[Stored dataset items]
[Start of section]

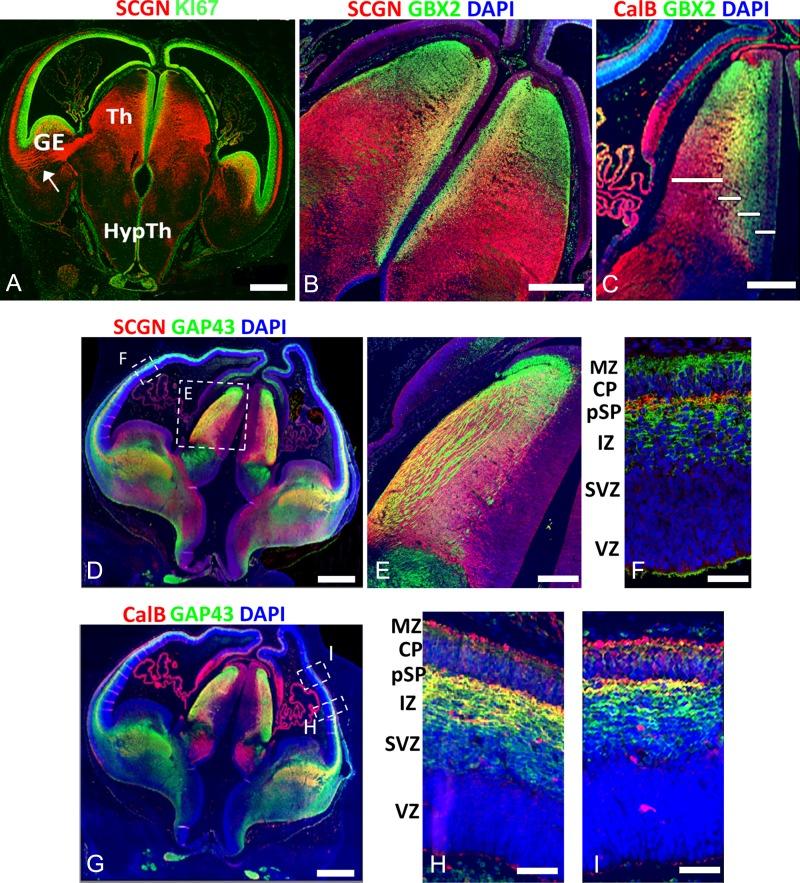 https://cdn.ncbi.nlm.nih.gov/pmc/blobs/d772/6418397/98285d68004d/bhy327f03.jpg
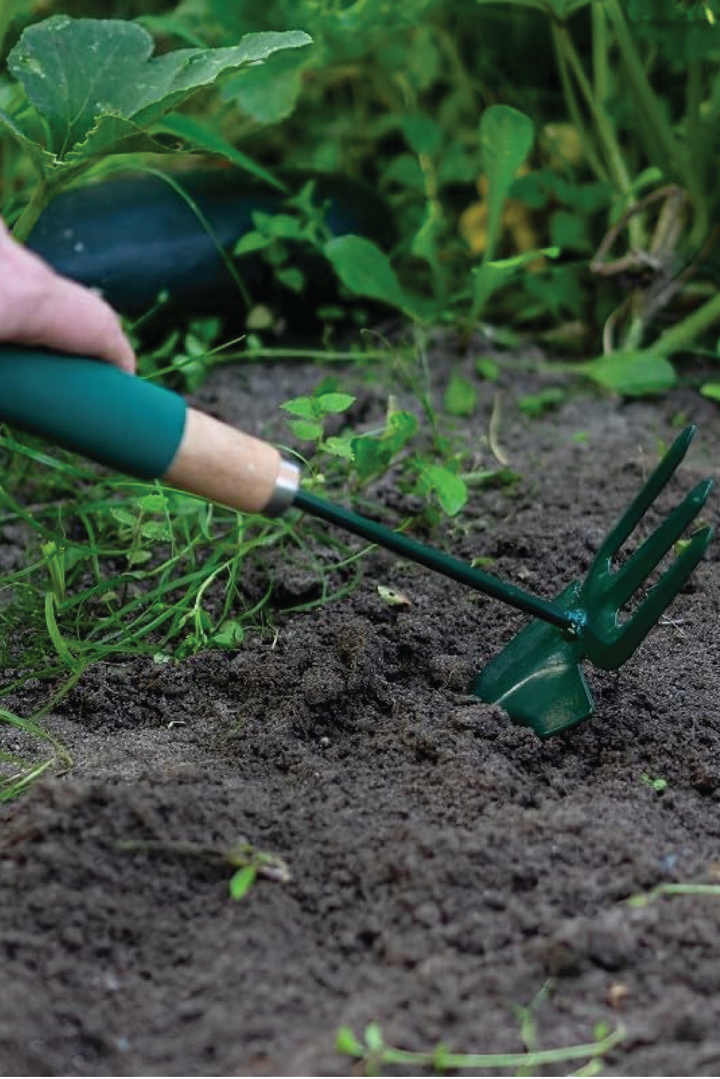 2 IN 1 MINI GARDEN FORK AND SPOON TOOL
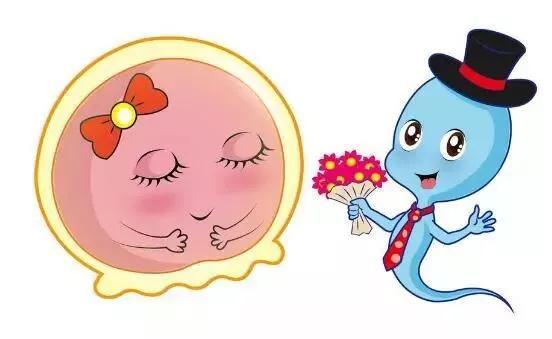 做试管还要看“颜值”？专家：“颜值”达到这个标准才能移植！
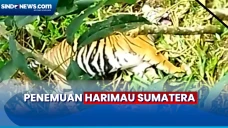 Heboh! Harimau Sumatera...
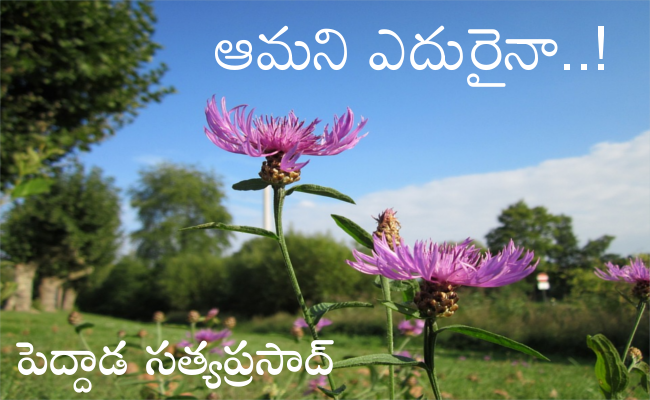 ఆమని ఎదురైనా..!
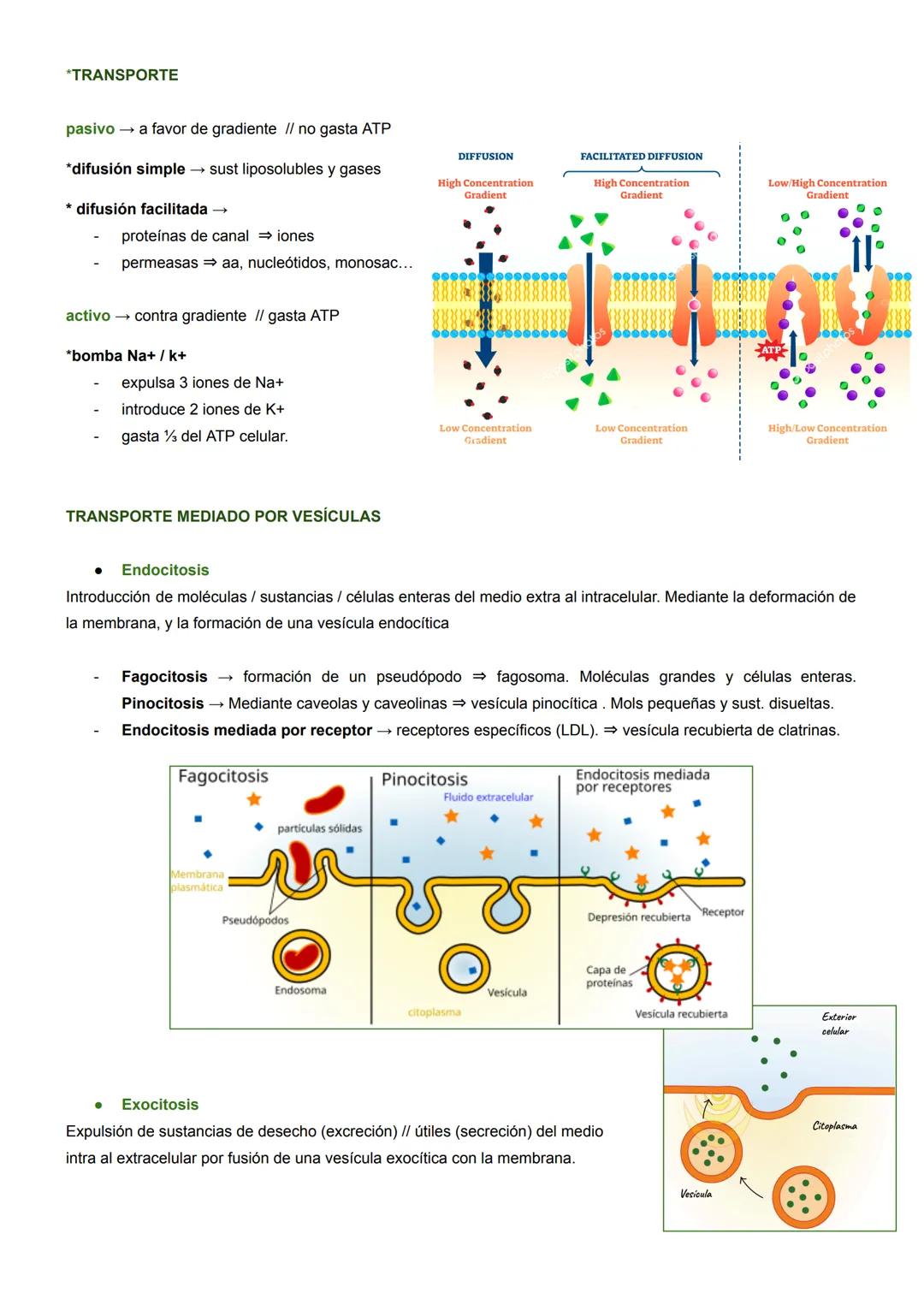 BIOLOGÍA CELULAR
MICROSCOPÍA ÓPTICA
- Hasta 2000 aumentos
- solo se ve el núcleo
MICROSCOPÍA ELECTRÓNICA
- 1M aumentos
- se ven orgánulos, v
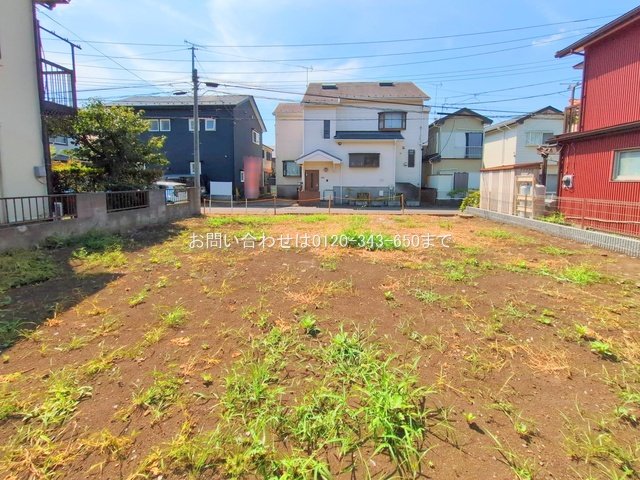 撮影日(2025-07-28 00:00:00)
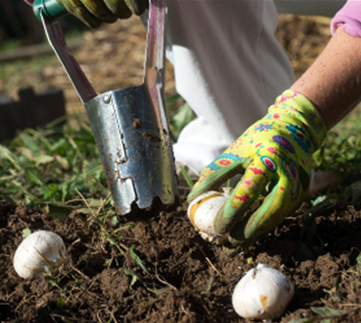 Ziergarten im Oktober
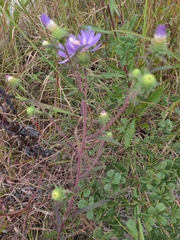 Eurybia spectabilis
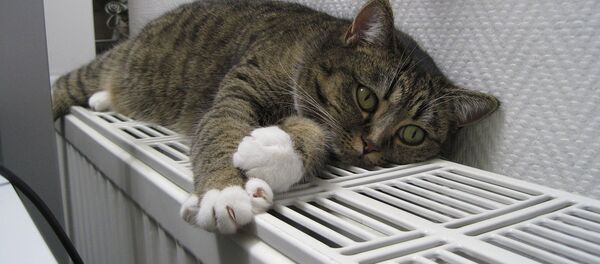 Отопительный сезон - Sputnik Литва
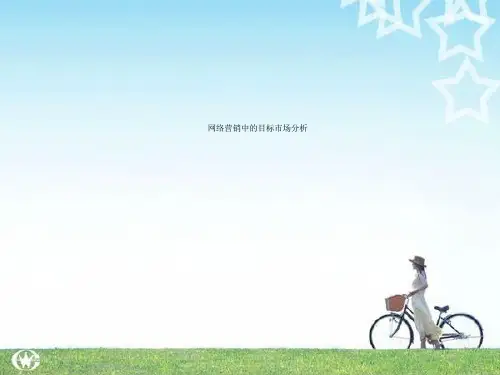 网络营销中的目标市场分析
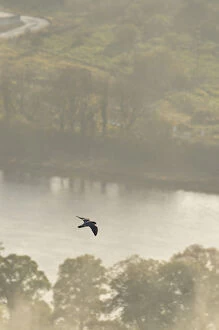 Falco Peregrinus Collection: Peregrine Falcon (Falco peregrinus) in flight over the River Tay. Kinnoull Hill Woodland Park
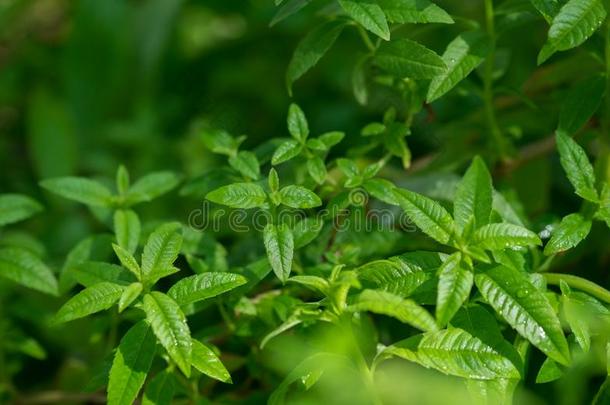 关-在上面关于柠檬马鞭草属植物或路易莎在温室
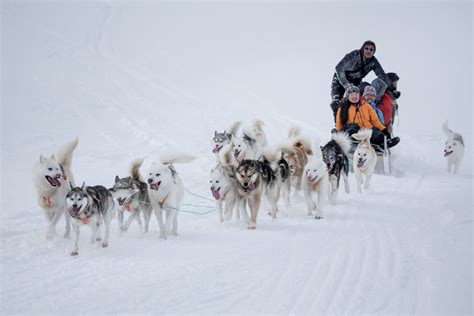 Dog sledding in Greenland - Greenland Travel EN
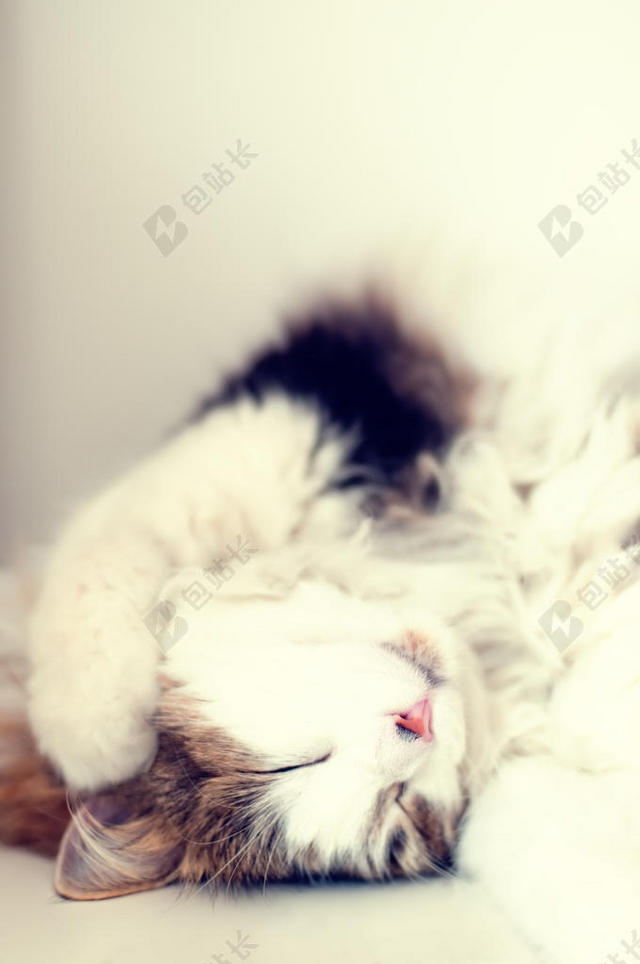 灰白动物软萌睡着的小猫宠物动物猫背景图片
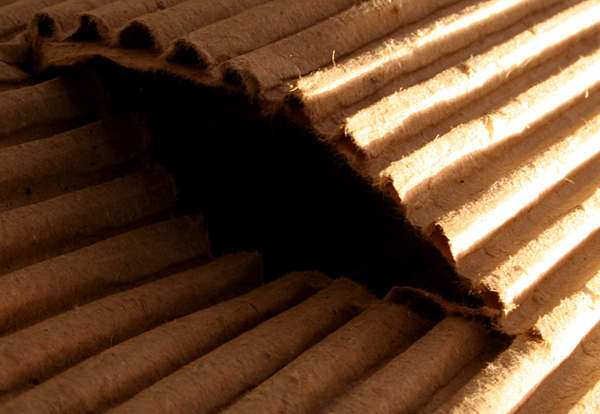 Photography by savagebrut for DesignCrowd (Community Contests) | Design #9088412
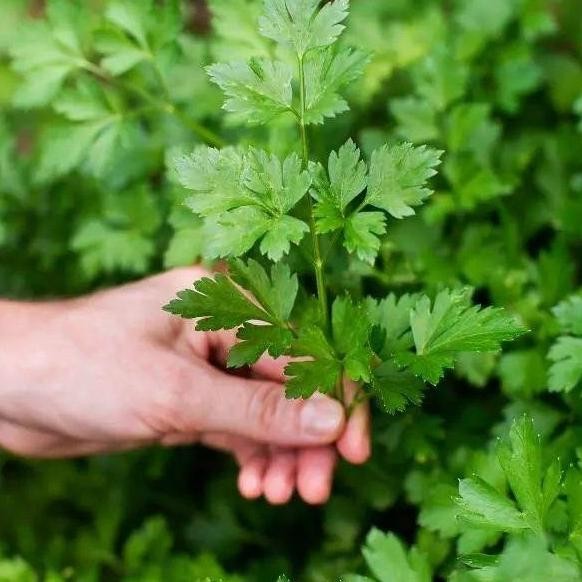 

Terlaris Bibit Daun Ketumbar Coriander Bumbu Herbal Tanaman Cilantro Yansui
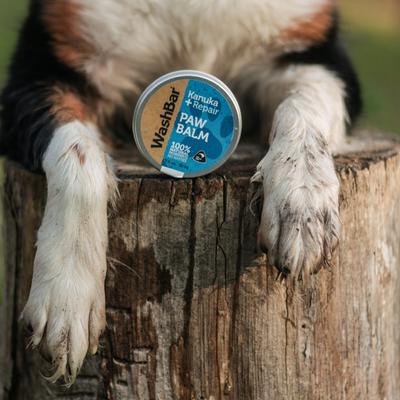 Kanuka + Repair Dog Paw Balm, 1.7-fl oz tin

[End of section]

• **Work task**:
Write each entry again exactly, minus any images.

• **Answer for the task**:
 https://cdn.ncbi.nlm.nih.gov/pmc/blobs/d772/6418397/98285d68004d/bhy327f03.jpg
 2 IN 1 MINI GARDEN FORK AND SPOON TOOL
 做试管还要看“颜值”？专家：“颜值”达到这个标准才能移植！
 Heboh! Harimau Sumatera...
 ఆమని ఎదురైనా..!
 BIOLOGÍA CELULAR
MICROSCOPÍA ÓPTICA
- Hasta 2000 aumentos
- solo se ve el núcleo
MICROSCOPÍA ELECTRÓNICA
- 1M aumentos
- se ven orgánulos, v
 撮影日(2025-07-28 00:00:00)
 Ziergarten im Oktober
 Eurybia spectabilis
 Отопительный сезон - Sputnik Литва
 网络营销中的目标市场分析
 Falco Peregrinus Collection: Peregrine Falcon (Falco peregrinus) in flight over the River Tay. Kinnoull Hill Woodland Park
 关-在上面关于柠檬马鞭草属植物或路易莎在温室
 Dog sledding in Greenland - Greenland Travel EN
 灰白动物软萌睡着的小猫宠物动物猫背景图片
 Photography by savagebrut for DesignCrowd (Community Contests) | Design #9088412

Terlaris Bibit Daun Ketumbar Coriander Bumbu Herbal Tanaman Cilantro Yansui
 Kanuka + Repair Dog Paw Balm, 1.7-fl oz tin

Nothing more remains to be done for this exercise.